Leno (Brescia), 15 febbraio 2024 – La sua è una battaglia senza fine. Maurizio Piovanelli ha 63 anni. Con la famiglia abita ancora a Leno, in un’altra casa. Sua figlia Desirée ne ha 14 quando sparisce il 28 settembre 2002. È bella, radiosamente bella, primo anno di liceo scientifico al Pascal di Manerbio. Esce di casa alle 14.30, dopo aver detto alla mamma che andrà da Marika, un’amica. Desy, straziata dalle coltellate, viene ritrovata sei giorni dopo nella cascina Ermengarda, un casale fatiscente a duecento metri dall’abitazione dei Piovanelli.
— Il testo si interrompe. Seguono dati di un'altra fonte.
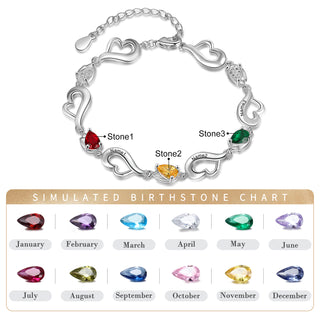 Rhodium Plated Heart Birthstone Bracelet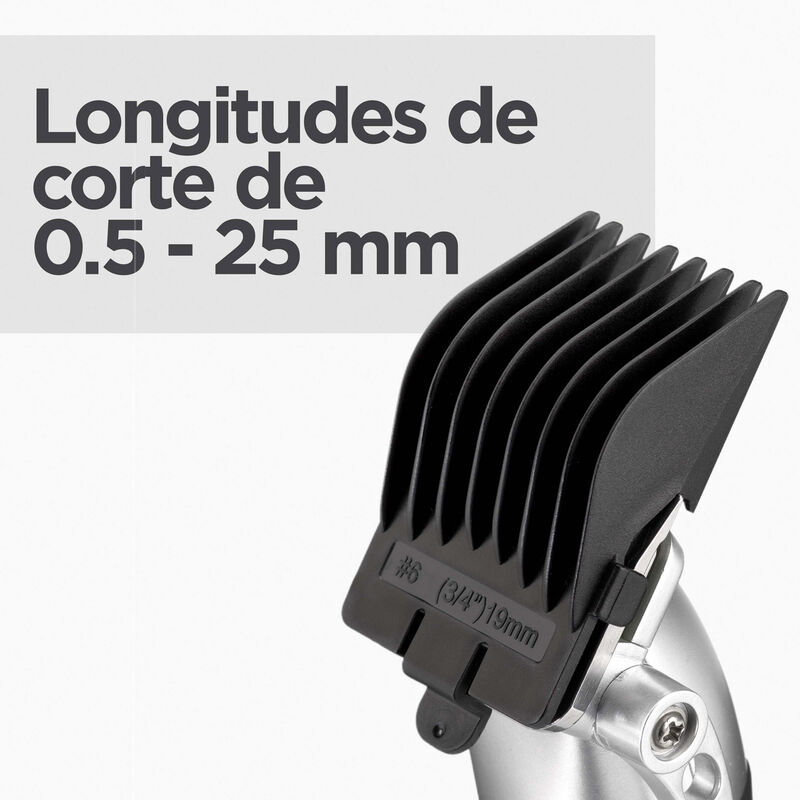 Nahaufnahme eines schwarzen Haarschneideaufsatzes mit der Nummer 6 (3/4 Zoll, 19 mm) und Text.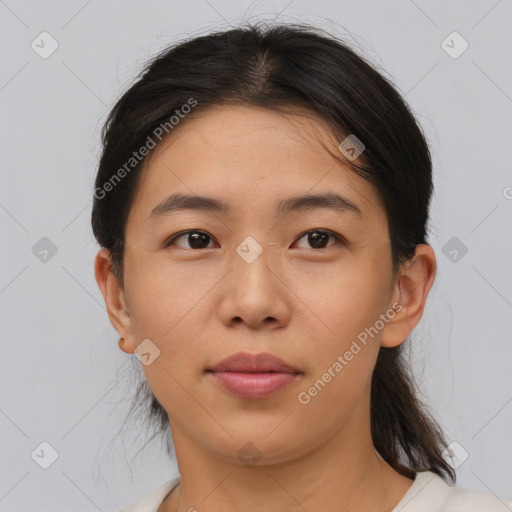 Neutral asian young-adult female with medium  brown hair and brown eyes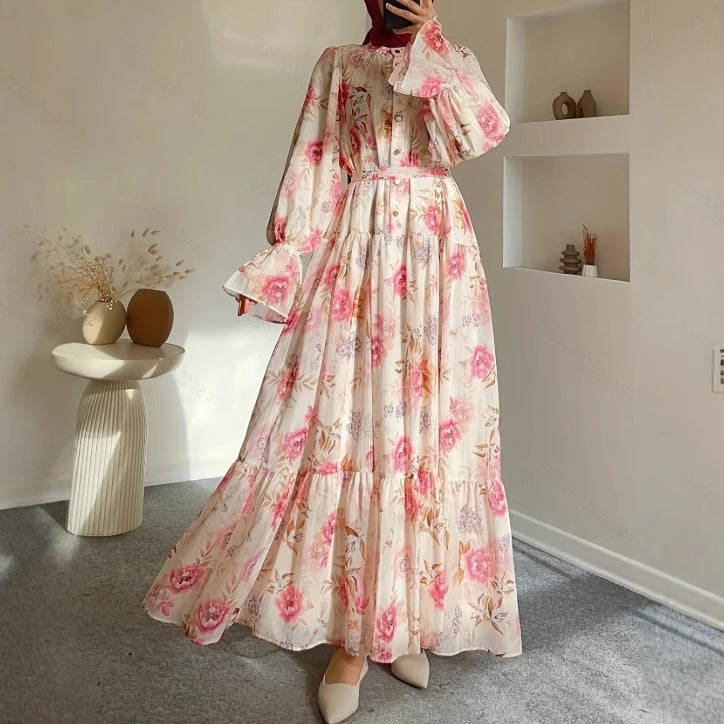 Round-neck Flared-sleeve Buttoned Dress With An Elegant Floral Design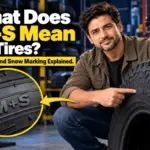 M+S marking on a tire sidewall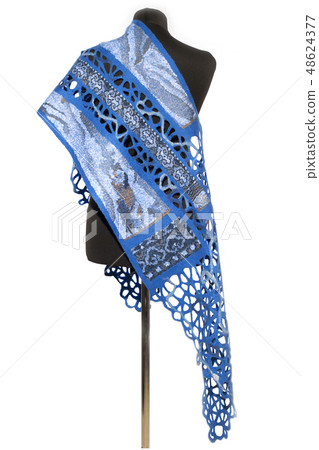 Female scarf of felted wool on a mannequin Female scarf of felted wool on a mannequin 48624377
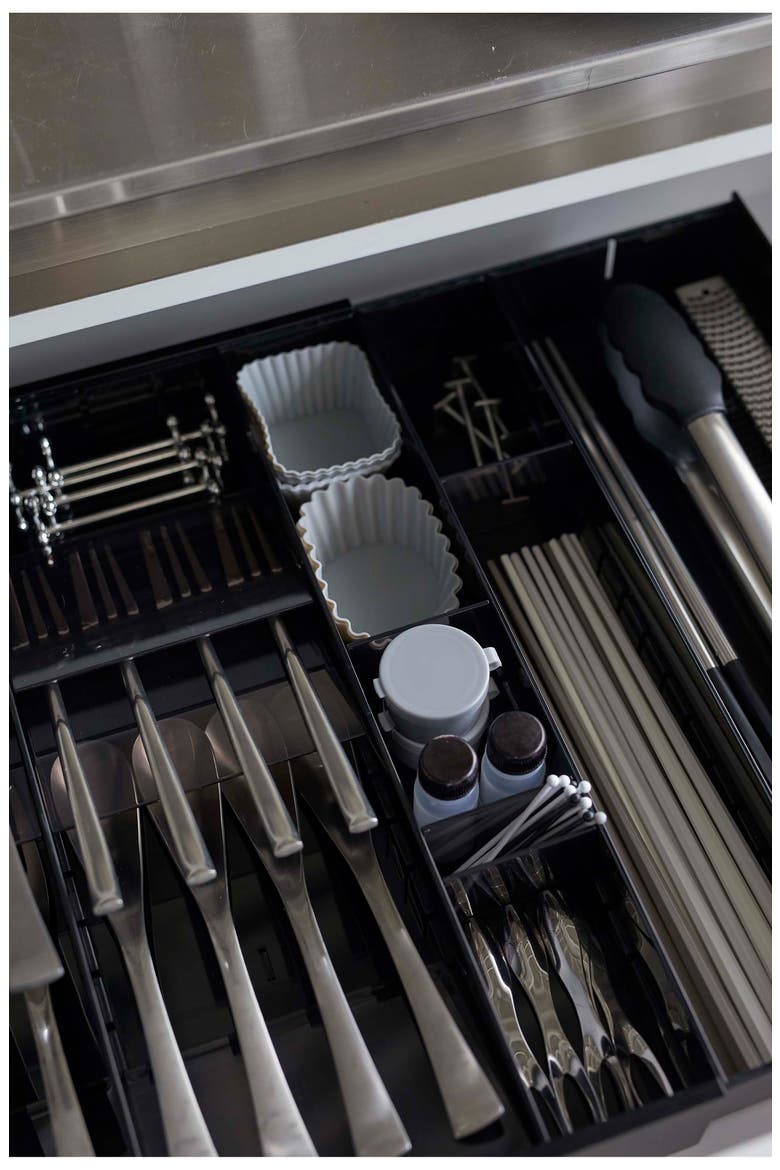 Expandable Cutlery Organizer, Alternate, color, BLACK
Trucidata da quello che i giornali definiscono il "branco" di Leno, tre ragazzini e un adulto. Una convinzione non ha mai abbandonato il padre di Desirée: che la morte della figlia non sia stato l’epilogo cruento di una tentata violenza sessuale ma di un sequestro finito male, organizzato da una rete di pedofili annidata nella Bassa bresciana, con un mandante, un regista occulto.
Maurizio Piovanelli, l’inchiesta bis è stata archiviata.
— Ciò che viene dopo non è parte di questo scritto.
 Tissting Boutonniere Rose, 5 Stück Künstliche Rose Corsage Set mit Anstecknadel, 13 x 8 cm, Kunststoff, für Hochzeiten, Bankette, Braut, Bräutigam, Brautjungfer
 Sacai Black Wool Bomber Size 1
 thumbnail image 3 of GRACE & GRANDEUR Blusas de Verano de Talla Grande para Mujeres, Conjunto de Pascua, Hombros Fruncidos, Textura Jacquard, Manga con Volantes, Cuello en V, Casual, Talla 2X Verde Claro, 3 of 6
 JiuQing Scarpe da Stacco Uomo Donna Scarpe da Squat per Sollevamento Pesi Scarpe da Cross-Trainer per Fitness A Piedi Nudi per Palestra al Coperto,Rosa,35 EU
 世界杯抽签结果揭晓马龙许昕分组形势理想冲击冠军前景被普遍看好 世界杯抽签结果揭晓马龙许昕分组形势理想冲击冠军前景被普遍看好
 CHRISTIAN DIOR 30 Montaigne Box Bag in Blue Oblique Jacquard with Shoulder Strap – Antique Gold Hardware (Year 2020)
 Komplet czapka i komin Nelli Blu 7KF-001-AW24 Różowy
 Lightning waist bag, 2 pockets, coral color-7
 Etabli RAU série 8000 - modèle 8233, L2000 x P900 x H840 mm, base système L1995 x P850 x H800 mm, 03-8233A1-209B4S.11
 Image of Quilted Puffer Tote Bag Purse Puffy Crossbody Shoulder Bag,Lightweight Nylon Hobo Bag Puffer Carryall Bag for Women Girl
"Andrò avanti. Finché potrò andrò avanti. Vedrò cosa fare. Deciderò col mio avvocato. Non ha senso fermarsi adesso dopo vent’anni che stiamo tribolando. Spero che qualcuno del paese mi aiuti, che parli. La voce sul giro di pedofilia, in questi anni, non ha mai smesso di circolare".
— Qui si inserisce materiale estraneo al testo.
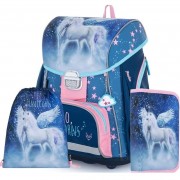 Školská taška Oxybag PREMIUM Unicorn magic 3dielny set a box číry zdarma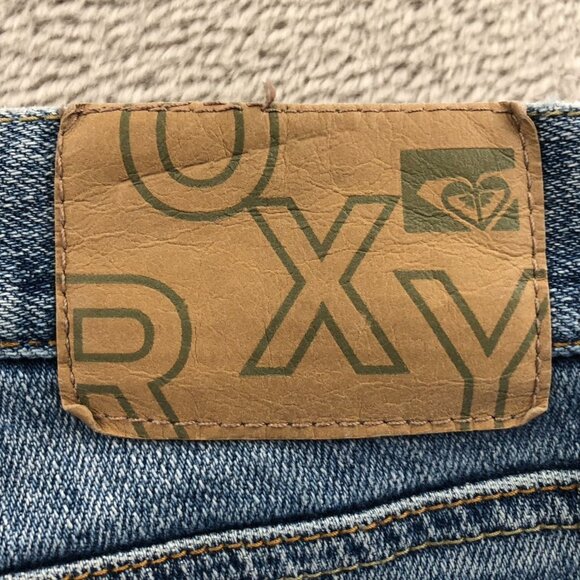 Roxy Womens Jean Shorts Size 3 Embroidered Blue Denim Cuffed Casual Stretch Y2K - Picture 14 of 14
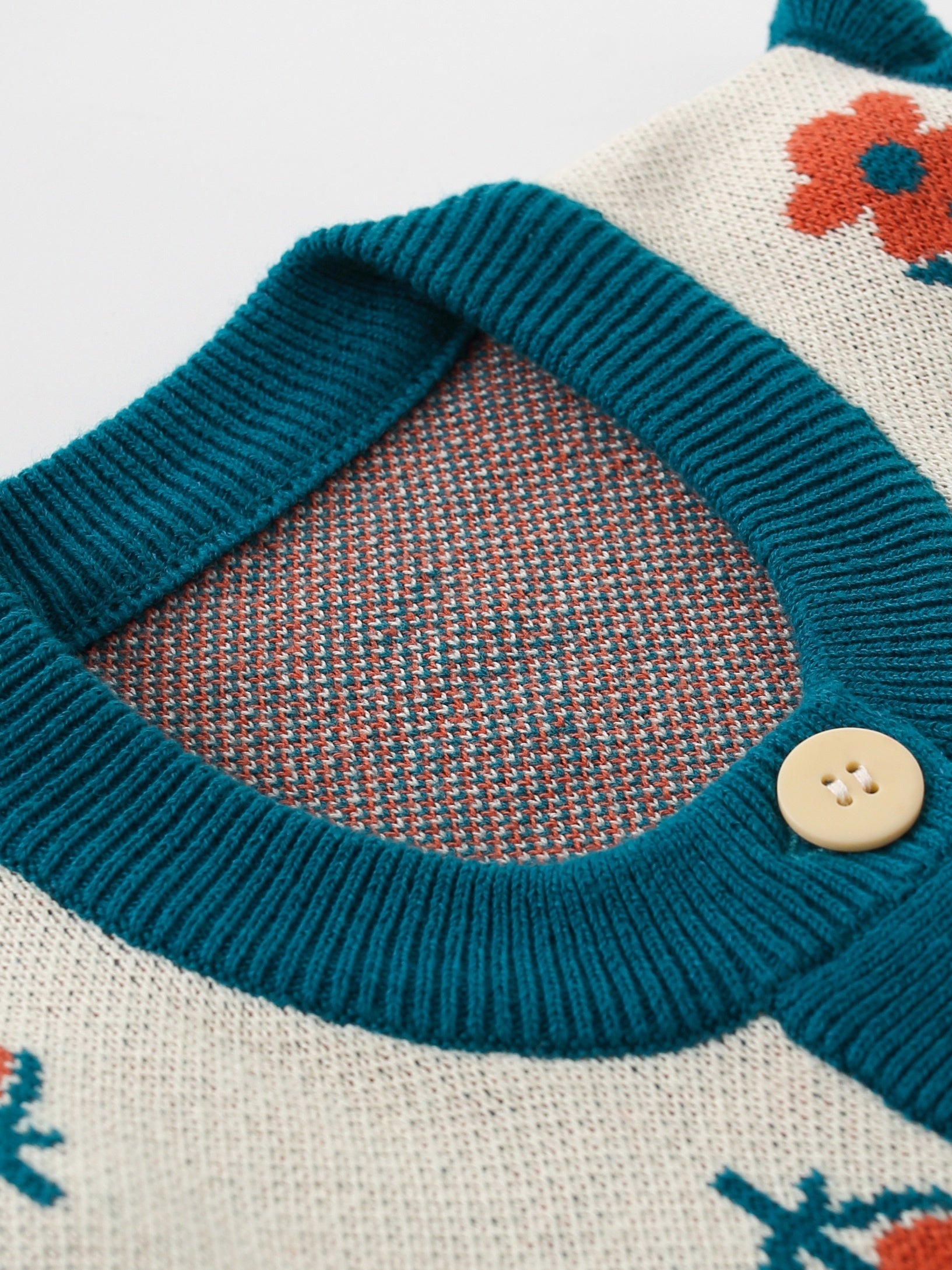 Baby Girl Knitted Sweater Vest Ruffle Trim Flower Print Cardigan Vest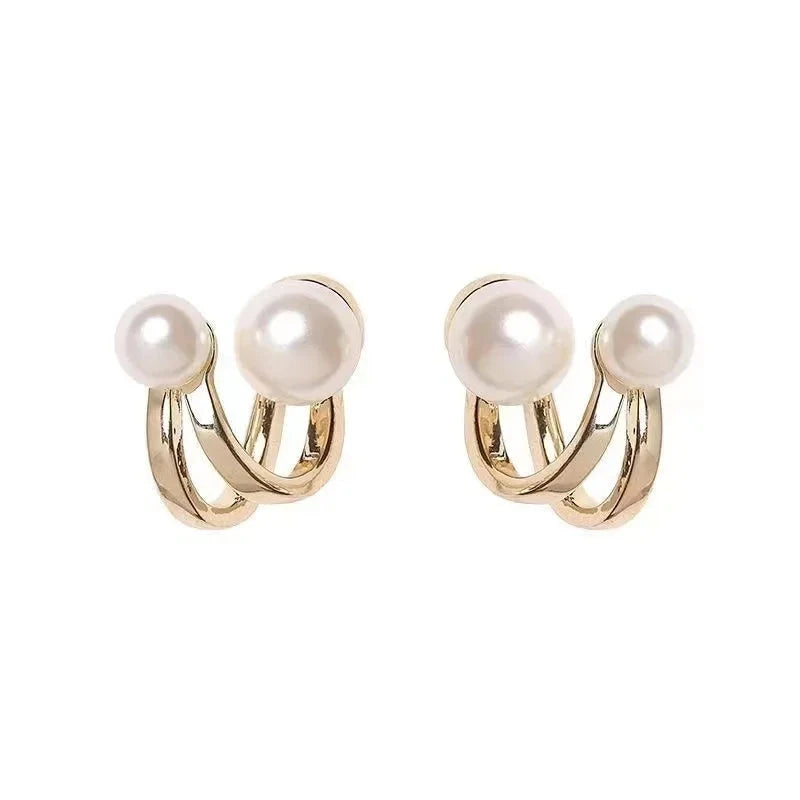 2024 New Retro Light Luxury Pearl Stud Earrings Korean Simple Jewelry Christmas Party Girl's Temperament Accessories For Woman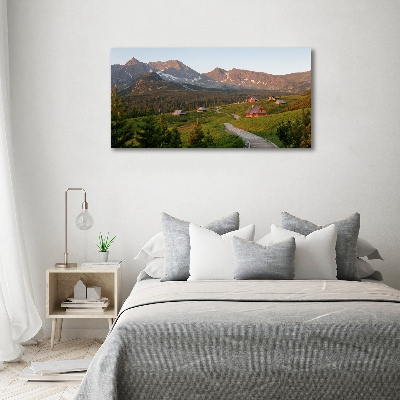 Cuadro decorativo de vidrio para salón horizontal Un claro en los montes Tatra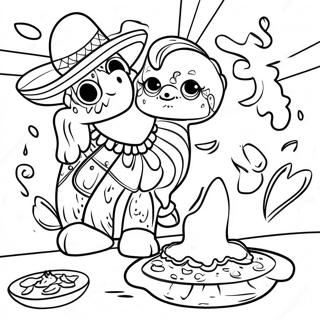 Buntes Mexikanisches Fiesta Ausmalbild | Mexiko Ausmalbild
I tre minori hanno scontato le condanne e sono liberi da tempo. Giovanni Erra, l’unico adulto del gruppo, potrebbe riacquistare la libertà nel 2025. Un giorno potrebbe vederlo, imbattersi in lui a Leno.
"Non so come vivrà da uomo libero. Se la vedrà lui. Se lo incontrerò, per me non sarà un problema. Semmai, lo sarà per lui".
Come sono stati questi ventidue anni?
"Tremendi. Un’agonia continua. Li abbiamo vissuti portandoci dietro la convinzione che la verità completa non era venuta a galla e che per farla emergere non era stato fatto tutto quello che si sarebbe dovuto fare al tempo".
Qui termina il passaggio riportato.